The California Airport Land Use Planning Handbook, October 2011 (“2011 Handbook”) was released this week. It supersedes the 2002 Handbook edition. The Handbook constitutes “guidance,” Cal. Pub. Util. Code § 21674.7, for Airport Land Use Commissions (“ALUCs”) in the determination of the scope of their jurisdiction over off-airport land uses as well as in the formulation of noise, overflight, safety and airspace protection policies, as mandated by Cal. Pub. Util. Code § 21670, et seq.

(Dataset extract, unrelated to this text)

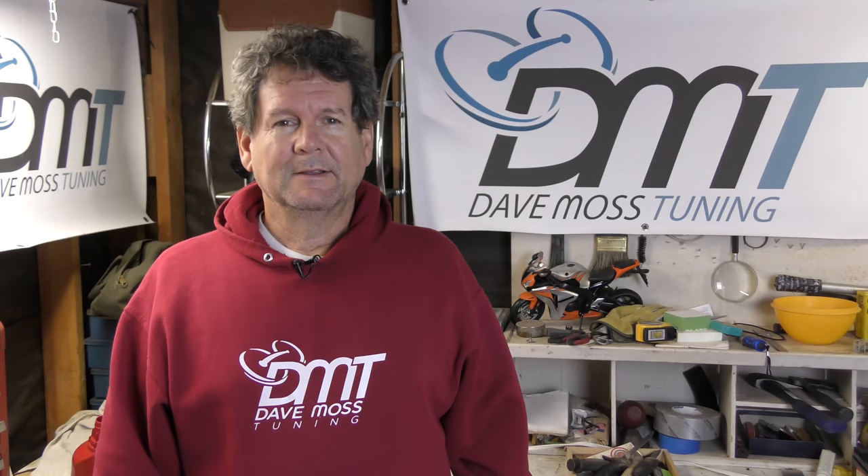Please subscribe to help you and your motorcycle perform better. Dave Williams Plummer here with today's video.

It is important to note at the outset, however, what a Handbook cannot do. First, it cannot grant to ALUCs the power to regulate airports, either in the air or on the ground. Those powers lie exclusively with the Federal Aviation Administration (“FAA”) and the local airport proprietor. Second, it cannot grant to ALUCs the final decision making power over off-airport land uses either. That power lies exclusively with local land use jurisdictions. What the Handbook can do is provide guidelines for the formulation of policies that bring to the attention of local land use policy makers the importance of “ensuring compatible land uses in the vicinity of . . . all new airport and in the vicinity of existing airports to the extent that the land in the vicinity of those airports is not already devoted to incompatible uses.” Cal. Pub. Util. Code § 21674(a).

As the 2011 Handbook’s girth exceeds 400 pages, and was issued only this week, the specific ways in which the 2011 Handbook addresses that charge will be the subject of a blog to appear shortly.